The National Alliance for Public Charter Schools releases report showing the shift to charter schools was not a fluke.
Today, The National Alliance for Public Charter Schools released Changing Course: Public School Enrollment Shifts During the Pandemic, a new data analysis that examines enrollment trends during the last three school years (2019 – 2022). This report is a follow-up to the National Alliance’s 2021 major report, Voting With Their Feet, that analyzed student enrollment data during the first full year of the pandemic.
Three-year data shows that since the start of the pandemic, enrollment gains in charter schools held steady while enrollment losses in district public schools also remained constant. During the first full year of the pandemic, there was a large increase in charter enrollment (7%, or 240,000 students) and a large decrease in public district enrollment (3.5%, or nearly 1.5 million students). In the following school year, enrollment remained relatively flat for both types of schools with data indicating that most students who left their district schools in the first year of the pandemic did not return, even after schools reopened and in-person instruction resumed. The “adjustment” in enrollment that occurred during the pandemic that resulted in charter enrollment gains and district public school enrollment losses appears to be a “new normal,” instead of a temporary reaction to turbulent times.
First, parents voted with their feet by switching the type of school their children attend. And then they voted at the polls this fall. From coast to coast, a bipartisan roster of charter school supporters handily won elections for governor and seats in the U.S. Congress. While not every charter champion was victorious, it’s clear that supporting high-quality public school options boosted candidates’ appeal to parent voters and that charter schools will emerge on stronger footing.
“No matter how you examine the data, families from all walks of life are making different choices for their children since the pandemic began and many have chosen charter schools,” says Nina Rees, President and CEO of the National Alliance. “The pandemic shifted parent views towards education and motivated them to find better options for their children. Public charter schools were there for communities during this trying time, resulting in an ongoing increase of enrollment. We’re proud that these unique public schools continue to serve parent and student needs across the country.”
In an abundance of caution, the report examined the impact of population shifts on enrollment data, to be sure the growth or decline in student enrollment was not simply the result of families moving into or out of a state.
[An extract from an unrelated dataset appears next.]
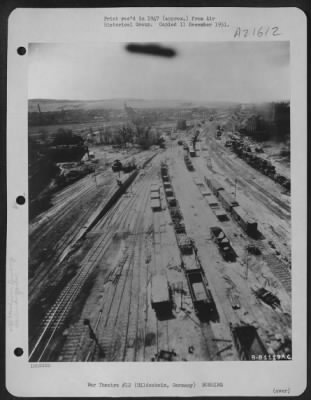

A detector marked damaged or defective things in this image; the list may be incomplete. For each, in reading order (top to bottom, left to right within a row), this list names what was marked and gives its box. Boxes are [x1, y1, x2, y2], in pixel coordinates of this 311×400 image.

damaged railroad yard [27, 40, 292, 362]
damaged railroad yard [28, 97, 292, 362]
In 34 out of 41 states, enrollment growth in charter schools outpaced state population trends. There were seven states (California, Hawaii, Illinois, Louisiana, Massachusetts, Utah, and Wyoming) where charter enrollment growth was less than school-aged student population growth. In all 41 states, enrollment growth in district public schools underperformed state population trends.
In addition to overall enrollment data, the National Alliance was able to collect data for White, Black, and Hispanic students in 25 of the 41 states in the analysis. Data indicate that White students drove district enrollment losses and Hispanic students bolstered charter growth. Sub-group summary findings include:
- More than 920,000 White students left district schools during the pandemic – nearly two-thirds of the total district school enrollment loss across all 41 states in the study. The number of White students enrolled in charter schools grew in 19 out of 25 states, while district public schools lost White students in 25 of 25 states.
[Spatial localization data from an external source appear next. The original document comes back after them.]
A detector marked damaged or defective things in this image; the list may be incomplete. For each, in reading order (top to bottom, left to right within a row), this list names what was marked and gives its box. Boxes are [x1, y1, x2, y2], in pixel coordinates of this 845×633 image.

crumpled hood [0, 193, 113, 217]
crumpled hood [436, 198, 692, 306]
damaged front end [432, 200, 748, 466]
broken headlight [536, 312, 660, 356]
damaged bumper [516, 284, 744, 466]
- Black student enrollment in charter schools increased in 21 of 25 states while district public schools lost Black students in 21 of 25 states. 34,381 more Black students enrolled in charter schools during the pandemic (+5.08%), while 178,746 Black students left public district schools (−3.78%).
- The number of new Hispanic students enrolled in charter schools increased by 95,728 during the pandemic. That’s an 8.75% jump, meaning their growth outpaced overall charter school enrollment (7% nationally). District public schools lost 140,849 Hispanic students during the pandemic.
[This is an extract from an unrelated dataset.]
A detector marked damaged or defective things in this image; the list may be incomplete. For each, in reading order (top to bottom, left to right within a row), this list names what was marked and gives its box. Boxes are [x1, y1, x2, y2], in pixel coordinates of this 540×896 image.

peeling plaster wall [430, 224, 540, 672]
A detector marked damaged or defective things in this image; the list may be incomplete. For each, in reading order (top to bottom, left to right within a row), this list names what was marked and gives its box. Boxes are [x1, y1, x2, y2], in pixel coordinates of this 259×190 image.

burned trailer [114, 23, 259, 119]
This report is based on the interim data available as of September 2022, analyzing data from the 41 states where charter schools exist and where enrollment data were available for three consecutive school years, from 2019–20 to 2021–22, by the time this report was written. This report does not include data for Alabama, Guam, Kansas, Puerto Rico, and Tennessee, or any states that do not have public charter schools. Each state educational agency releases enrollment data on its own time frame and there are sometimes slight variances in the particular types of data collected and reported. For example, some states are able to provide more detailed information about racial groups while others are not.